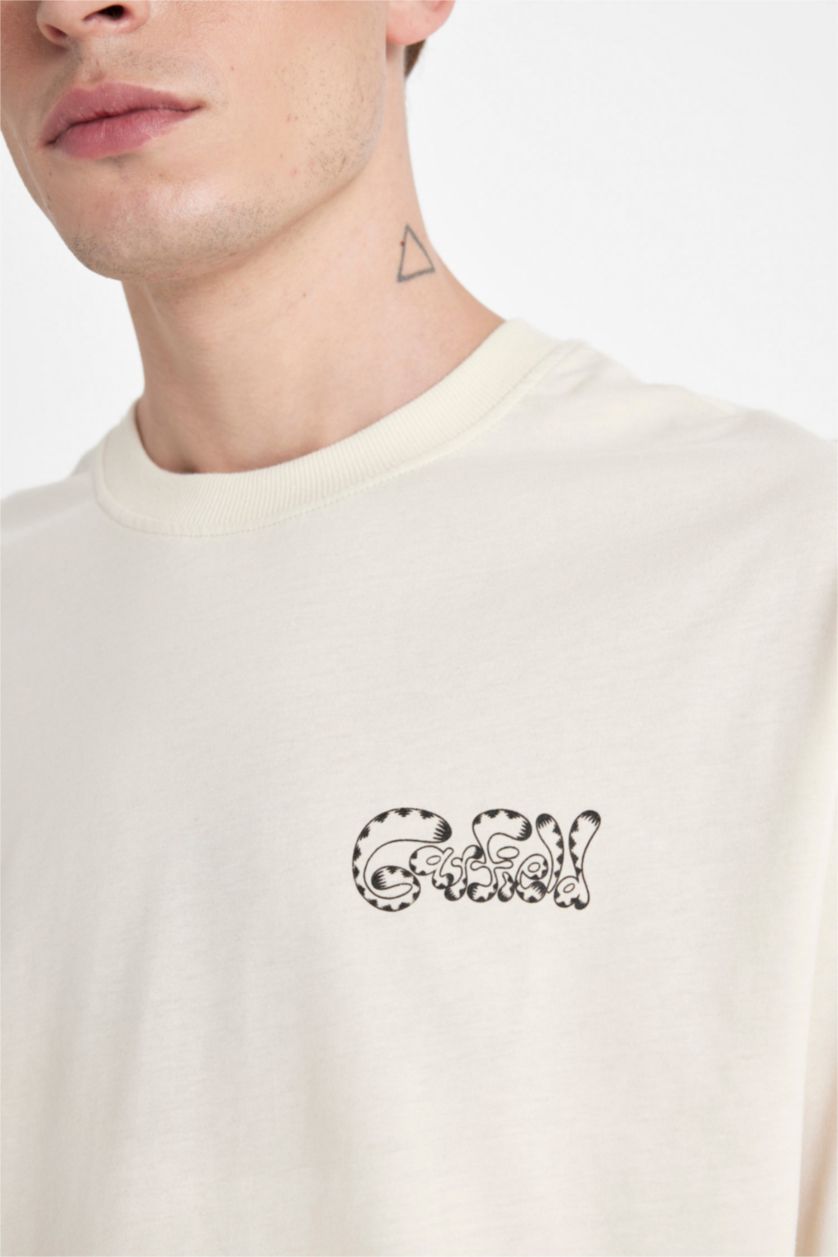 Erkek Kum %100 Pamuk Garfield Boxy Fit Bisiklet Yaka Sırt Baskılı Kısa Kollu Tişört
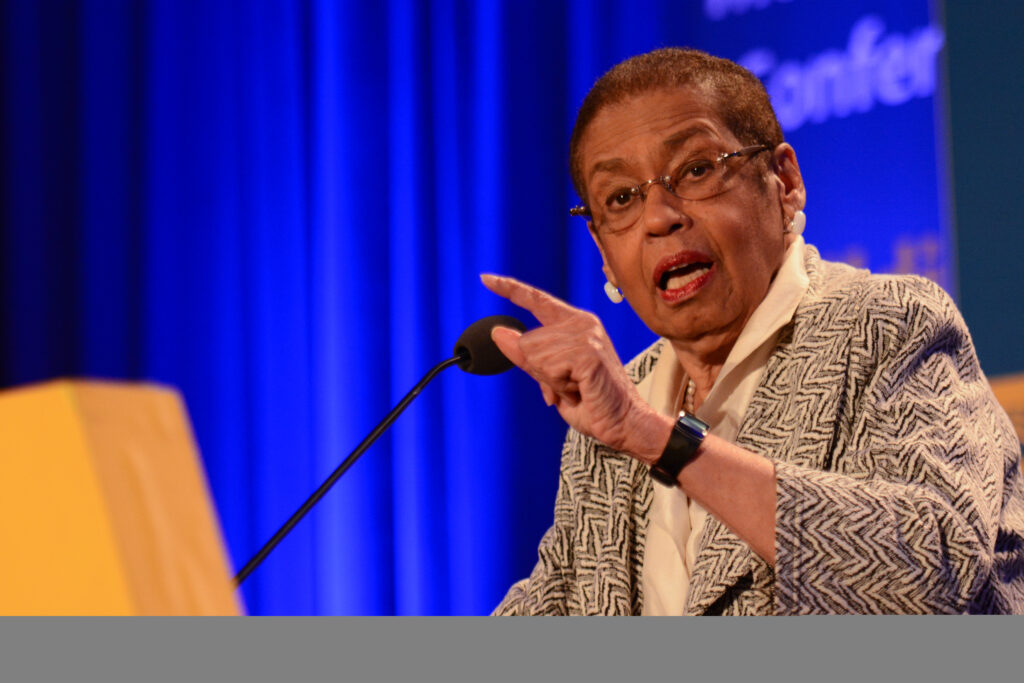 A photo showing Eleanor Holmes Norton speaking at a conference.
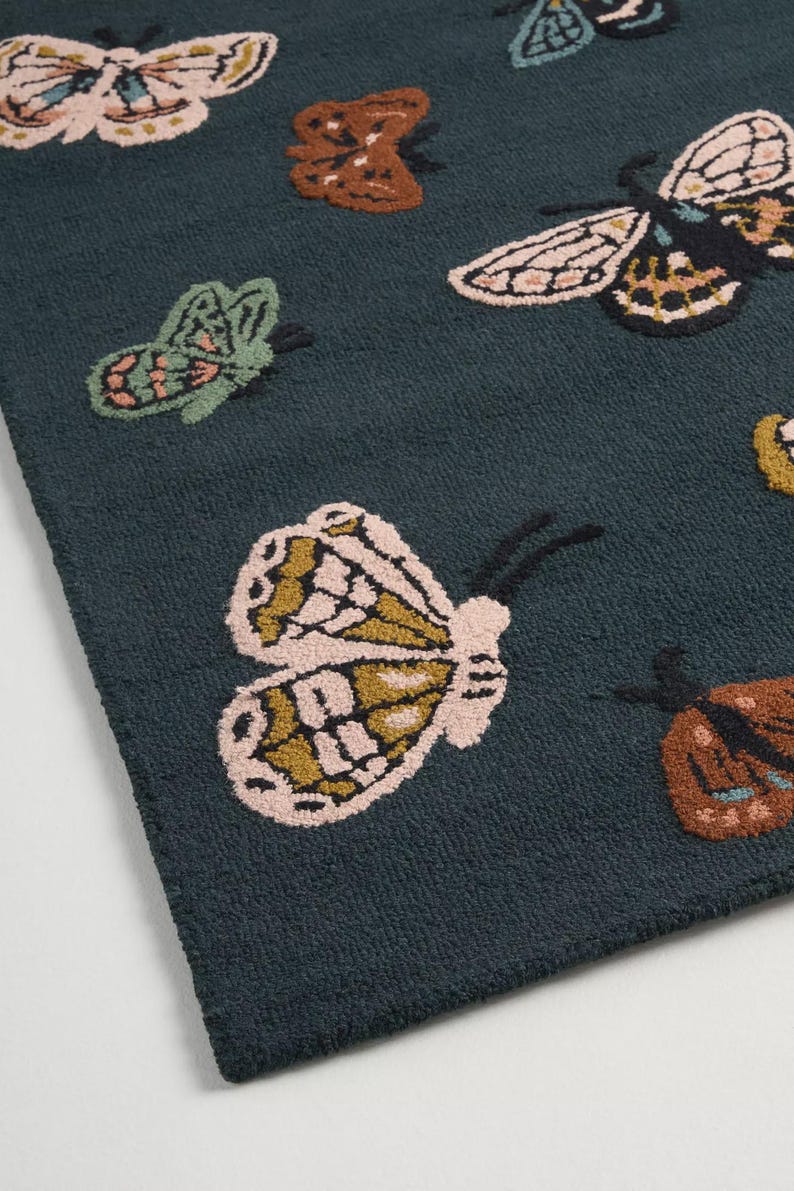 May include: A dark teal rug featuring a repeating pattern of colorful butterflies. The butterflies have detailed wing patterns in shades of pink, brown, green, and yellow. The rug has a textured, plush appearance.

Assignment → Each line of the data above must be reproduced as written. Skip the pictures.

Written solution →
 Erkek Kum %100 Pamuk Garfield Boxy Fit Bisiklet Yaka Sırt Baskılı Kısa Kollu Tişört
 A photo showing Eleanor Holmes Norton speaking at a conference.
 May include: A dark teal rug featuring a repeating pattern of colorful butterflies. The butterflies have detailed wing patterns in shades of pink, brown, green, and yellow. The rug has a textured, plush appearance.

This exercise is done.